OpenAPI allows you to define how your REST API works, in a way that can be easily consumed by both humans and machines. It serves as a contract that specifies how a consumer can use the API and what responses you can expect.

OpenAPI v3.0 was released in July, 2017, by the OpenAPI Initiative, a consortium of member companies who want to standardize how REST APIs are described. There are various other approaches to API description:

• OpenAPI v2, (formerly known as Swagger v2.0) is still widely used, but increasingly being replaced by OpenAPI v3
• JSON Schema, very similar to OpenAPI, but able to describe any JSON-like data, not just APIs
• API Blueprint was created to foster collaboration between API design stakeholders
• RAML, the RESTful API Modeling Language, focuses on the planning stage of API design

While OpenAPI v3 is the way forward, each of these alternative formats has tooling associated. You may find yourself converting between them, especially OpenAPI v2, until the tools catch up.

Your API design requires a way to define how the API will be used. The future-thinking approach is to select OpenAPI v3 to describe your API.

🔗 🔗 🔗 🔗 🔗 🔗 🔗 Why API Design-First Matters

Now that you’ve chosen OpenAPI v3, you may be tempted to set that aside until after you build your API, and “write the docs later.” While it’s useful to describe existing APIs, you can also create API descriptions before and during writing the code.

When you design your API alongside a description, you always have the artifact to communicate what’s possible with your API. The design-first approach offers a single source of truth, readable by collaborators and machines alike.

🔗 🔗 🔗 🔗 🔗 🔗 🔗 The Design-Second Oxymoron

Design-first becomes clearer when you consider the alternative. If you go straight into building your API, there’s no returning to design. That’s like constructing a house and then going to an architect to draw up plans.

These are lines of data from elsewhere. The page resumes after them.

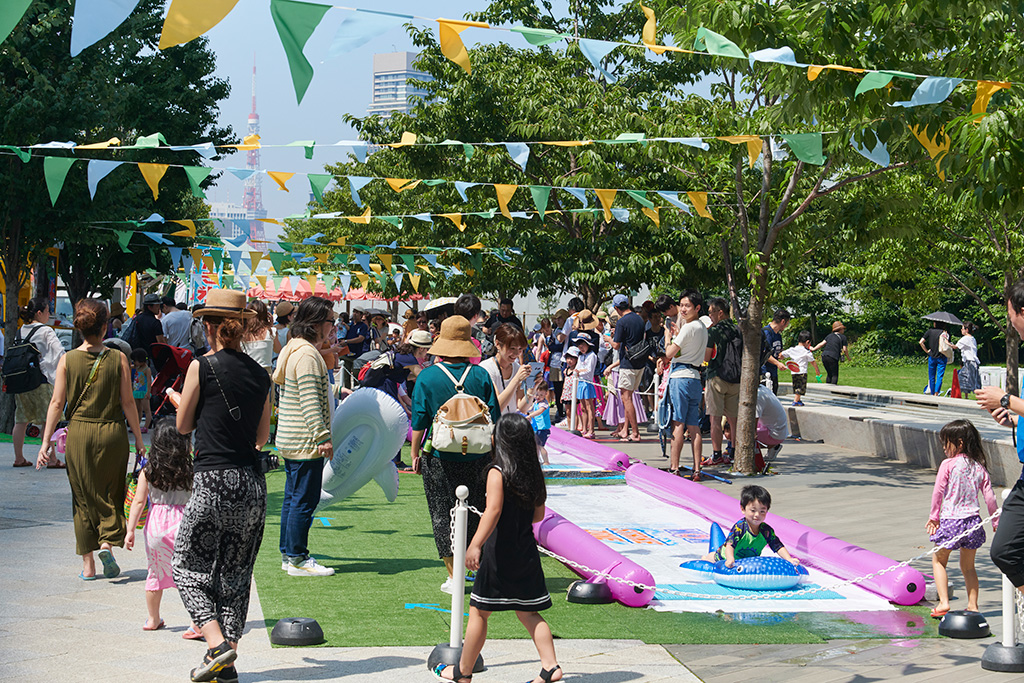 「品川シーズンテラス」のイベント広場/芝浦中央公園(東京都/港区)
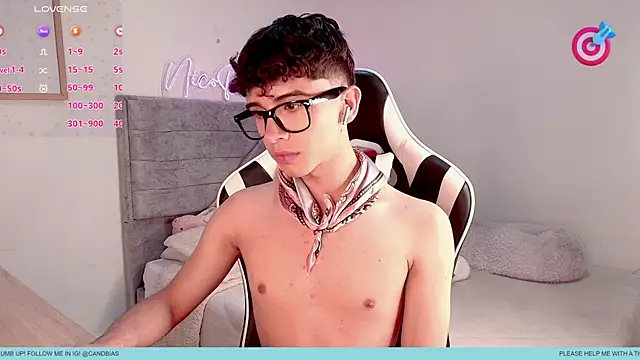 Snapshot of niico_prince chatting on 18, 7, 2026 niico prince online show from 18, 7, 2026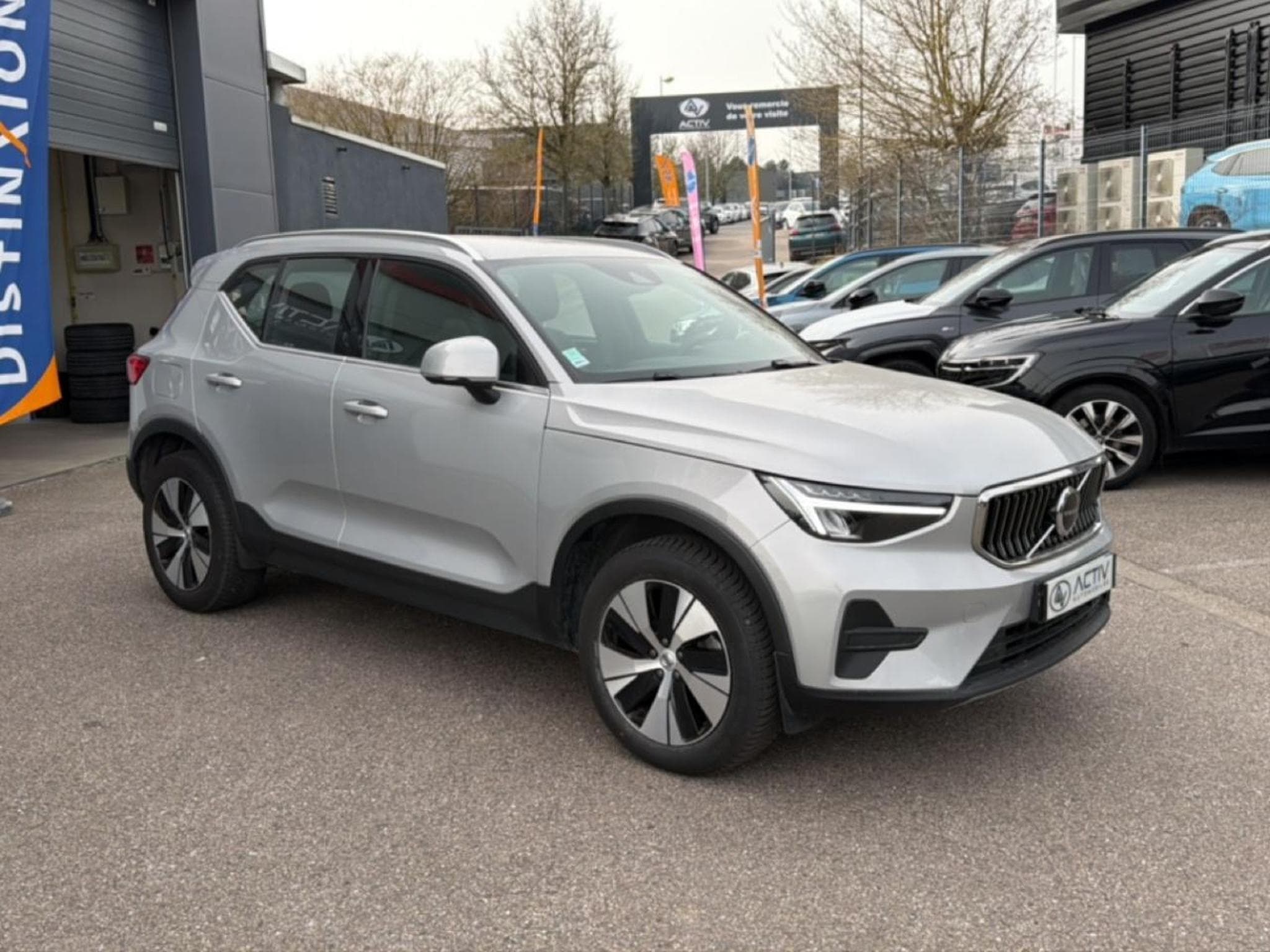 Volvo XC40 T4 RECHARGE 211 START DCT 7 (2023) - Foto 3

It just makes no sense.

Yet, software teams frequently make similar choices. They may output an API spec from code, which sounds efficient. Unfortunately, by the time you’ve built an API in code, you’ve lost out on a lot of the advantages of design-first approach. When your API design exists before the implementation, you can get early feedback, connect your API to tools from the start, and collaborate across departments and functions.

Do you know who will use your API? Even for an internal project, you’re likely to have multiple consumers. An API spec allows you to share details about how the API will work. You can send the spec document itself, or use tools to prototype your API or documentation. You could generate mock servers based on your spec, as described in another section, and have your consumers make live calls.

Your collaboration can go beyond technical teams, as well. You could get great insights from product, marketing, partnerships, and many other areas of your organization.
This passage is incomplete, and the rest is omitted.